30.09.2025

Claude Sonnet 4.5: A New Threshold for Autonomous Coding

Anthropic’s Claude Sonnet 4.5 delivers 30+ hours of autonomous coding, leads SWE-bench Verified (77.2%) and OSWorld (61.4%), and adds an Agent SDK for permissions, checkpoints, and multi-agent orchestration

Anthropic is turning its “autonomous coding” vision into practice with Claude Sonnet 4.5. According to the company, the model can stay on task for 30+ hours in a single run without losing focus. In that span, it doesn’t just write code; it provisions the database, completes configurations, and brings an application end-to-end to life. Early enterprise pilots suggest a clear step up versus the previous generation.

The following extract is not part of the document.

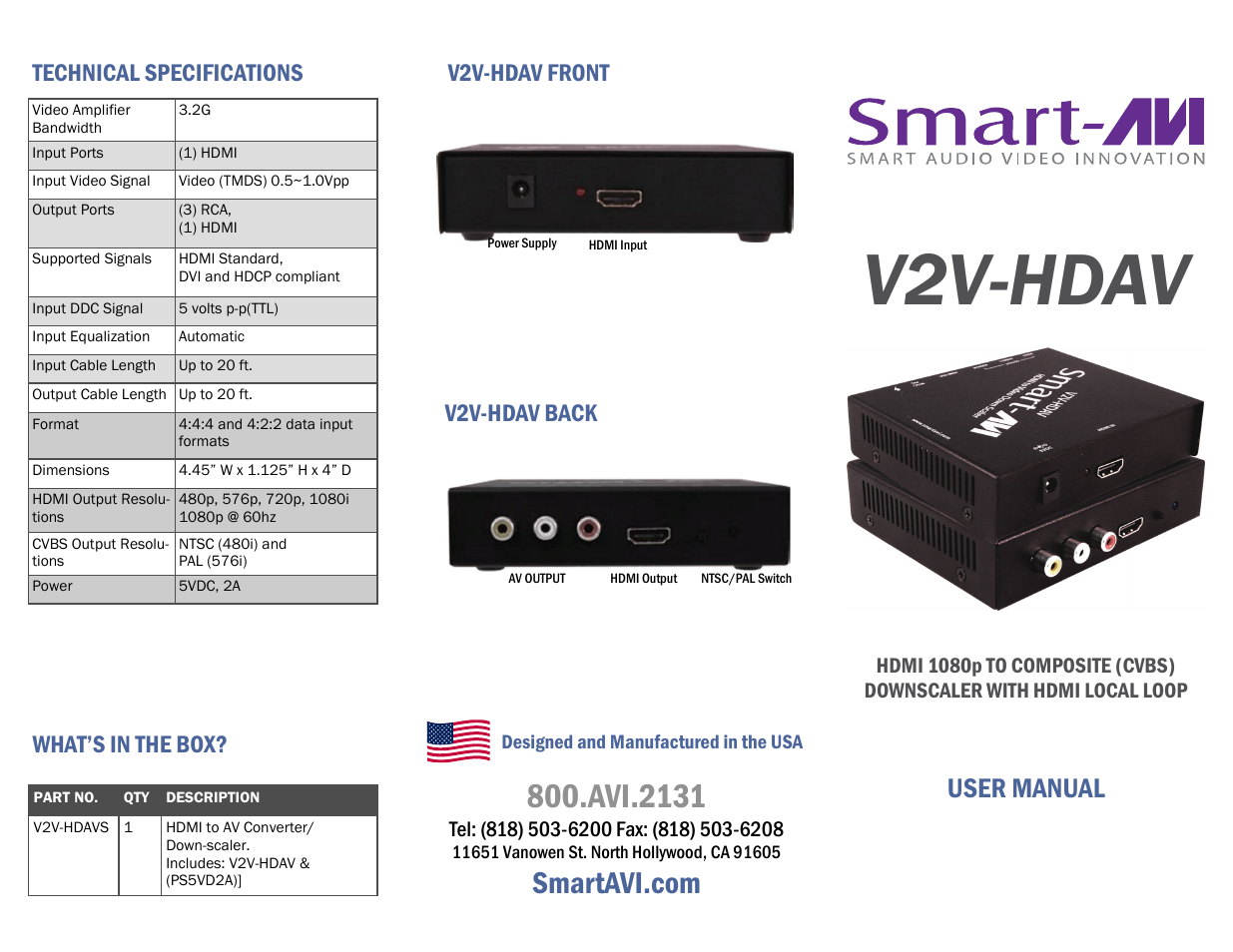 Smart Avi V2V-HDAV User Manual | 2 pages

Performance: Claiming the top spot on SWE-bench and OSWorld

On real-world benchmarks, the picture is equally clear. Sonnet 4.5 leads the SWE-bench Verified task with 77.2%, which measures bug-fixing against real repos and issues. On OSWorld, which evaluates a model’s computer-use capabilities, Sonnet 4.5 reaches 61.4%. Considering Sonnet 4 topped the same OSWorld test at around 42% just four months earlier, the jump points to more reliable multi-step execution on an actual computer, not just synthetic gains.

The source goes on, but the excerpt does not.